There is a story to these mixed media blocks, which I made back in 1985? I used to live by the entrance to the Holland Tunnel in New York City. One year they were re-landscaping it. I salvaged these blocks, ends of 2 x 8 planking that had been used to build something in the new design. I was always on the lookout for pieces of wood suitable to paint my fantasy landscapes on - like the old tempera paintings from Medieval times. Painting landscapes inside of broken crockery or small boxes was another format for my art. My favorite blue calico earthenware china, being earthenware, was subsceptible to easy breakage by playful cats. When a mug broke just in half, it seemed a good fit for a landscape inside, like a peephole Easter egg. Another version was a miniature paper mache window/box painted in the blue calico pattern.

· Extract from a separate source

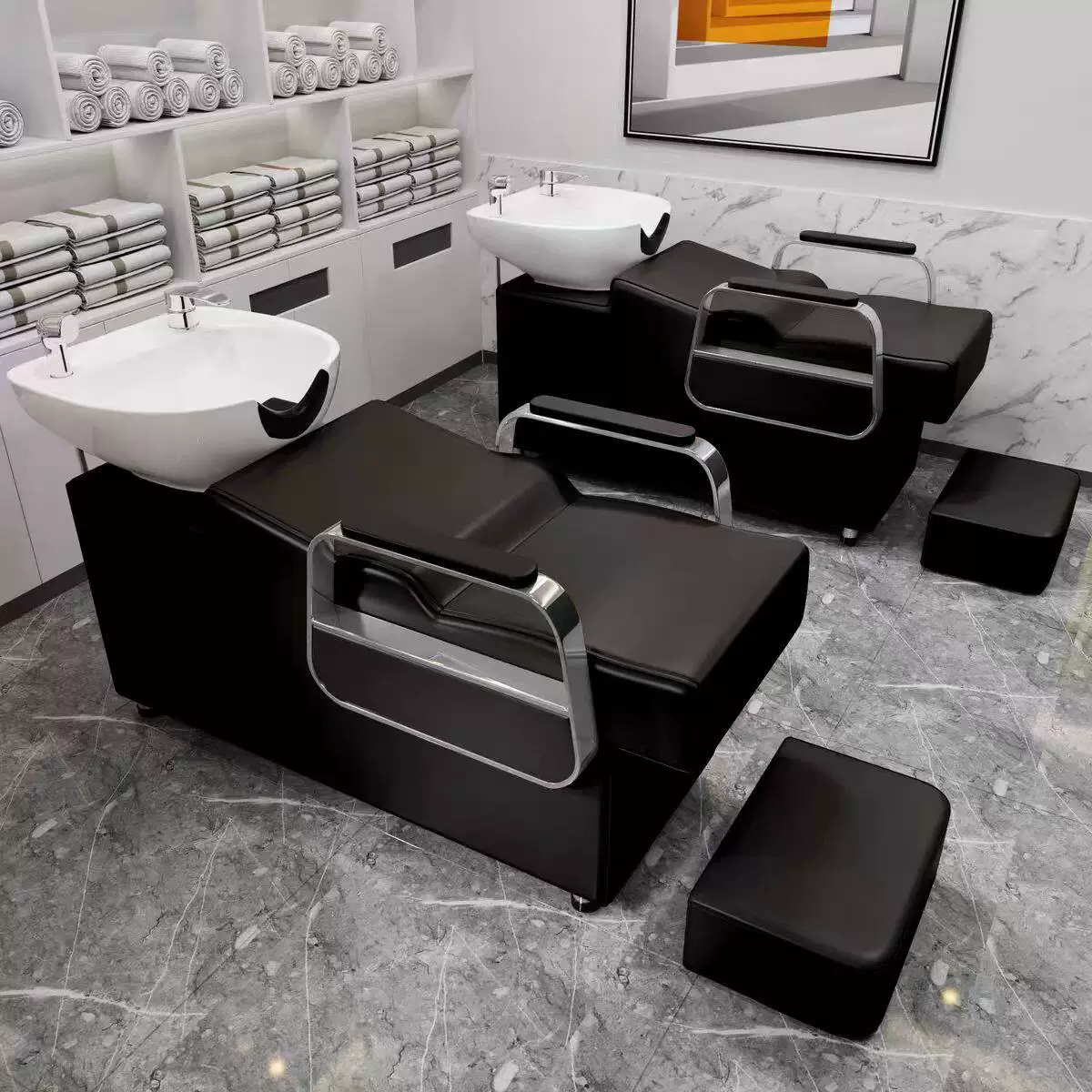 Li Bi shop shampoo bed, hair salon special semi lying flushing bed, high-end stainless steel ceramic deep basin hair salon special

There were also fantasy landscapes on canvas in mixed media collages using gift wrap paper of Medieval patterns. The blocks range from collages of these gift wraps, to papers I hand painted first in the blue calico, then in simpler calico floral patterns of my own designs. I wanted to create the effect of looking through a hole of the broken edges of china into another world. It's also a bit like looking through curtains.
At the entrance to most tunnels we cannot see the light at the end. We will only enter that tunnel if we have faith somewhere that there is a light at the end of it, or that we can find our way back out where we came from. And certainly only children might believe that we can dig a tunnel through the earth to China. And yet....
Would you like to see cards of these blocks?
You can see a collection of Blue Calico China from England at Amazon.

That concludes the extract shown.